In the 1960s, she moved to California and became a part of the national deinstitutionalization movement, advocating for mental health patients to be treated from home rather than institutionalized. She worked and researched at the California Department of Mental Hygiene and contributed to the legislative reforms of the state hospital systems. In 1966, Miller left public service to found a non-profit research firm, Scientific Analysis Corporation, of San Francisco. Among the social policies she researched were alcoholism's effect on children, mental health, prison reform, runaways and urban American Indians. In 1967, Miller completed her PhD in Social Welfare at UC Berkeley and in 1968 her research was used to help pass the Lanterman-Petris-Short Act. That same year, she founded and became director of the Institute for Scientific Analysis (ISA).

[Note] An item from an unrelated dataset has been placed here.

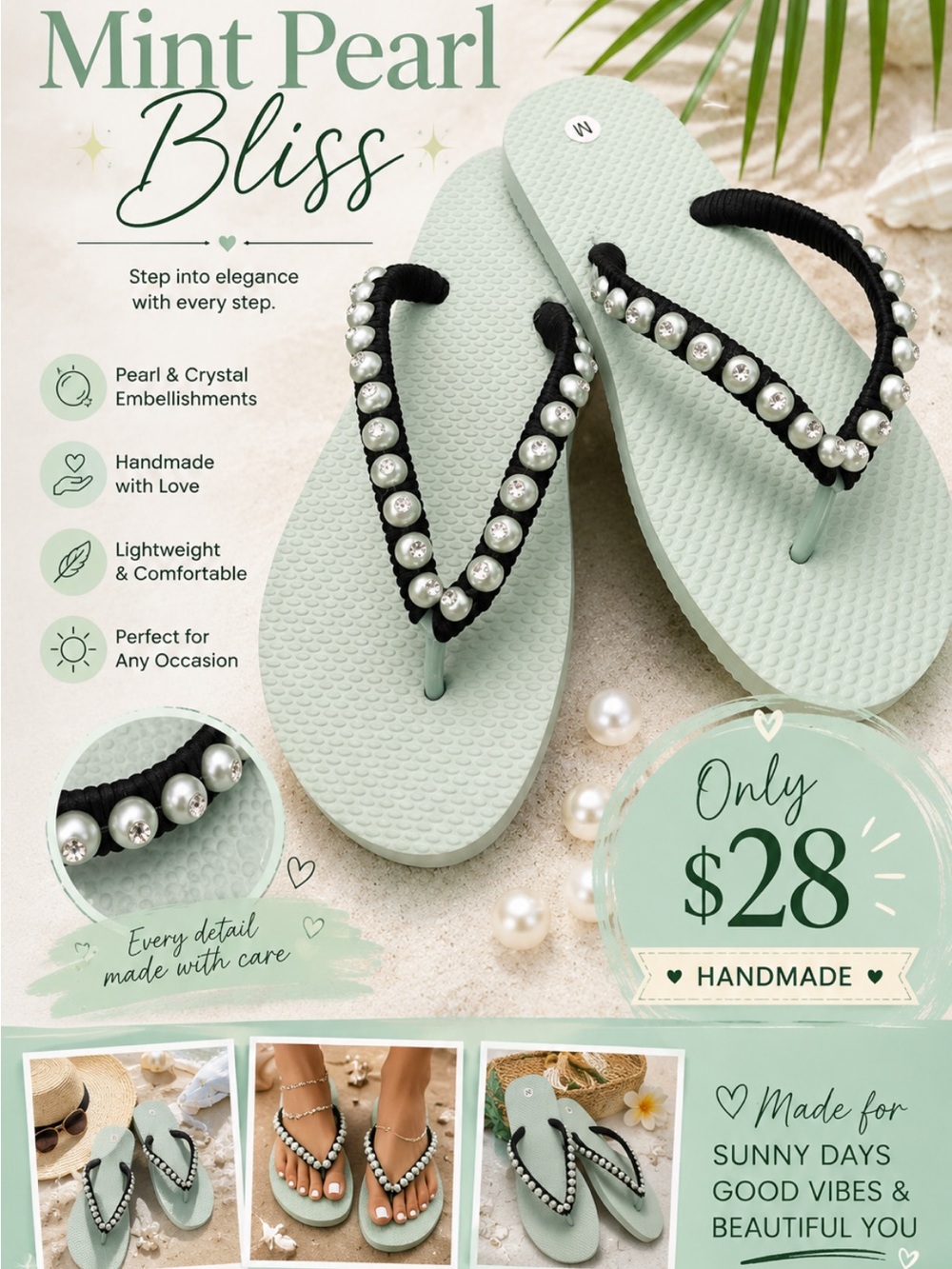 🩷. S-03. Mint Pearl Bliss Women's Flip Flops - Handmade Mint with Black Straps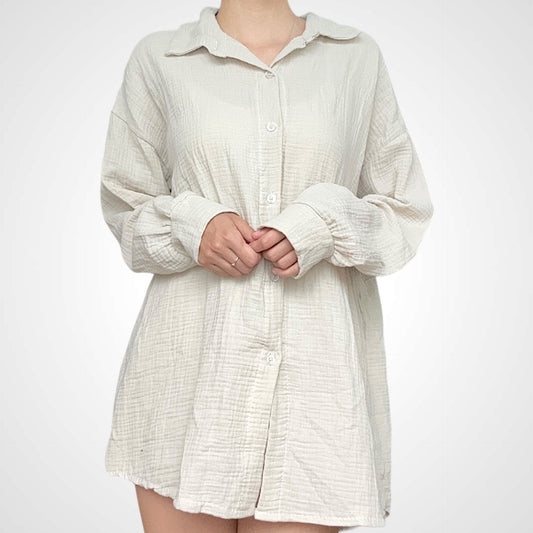 Oversize Musselinbluse Mittel - Creme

When Native Americans began the occupation of Alcatraz Island, Miller worked with Stella Leach, an LPN who was the primary organizer, and Jenny Joe, along with volunteer doctors to provide health services at a clinic established on the island in one of the buildings. She also wrote poems about the event to help publicize it and preserve the memory of the occupation for posterity, in nearly a dozen verses written during the occupation. Miller also sat up an "Indian Desk" at her company to channel money and communications to the occupiers, manning both the Indians of All Tribes bank account and radio services between Alcatraz and the mainland.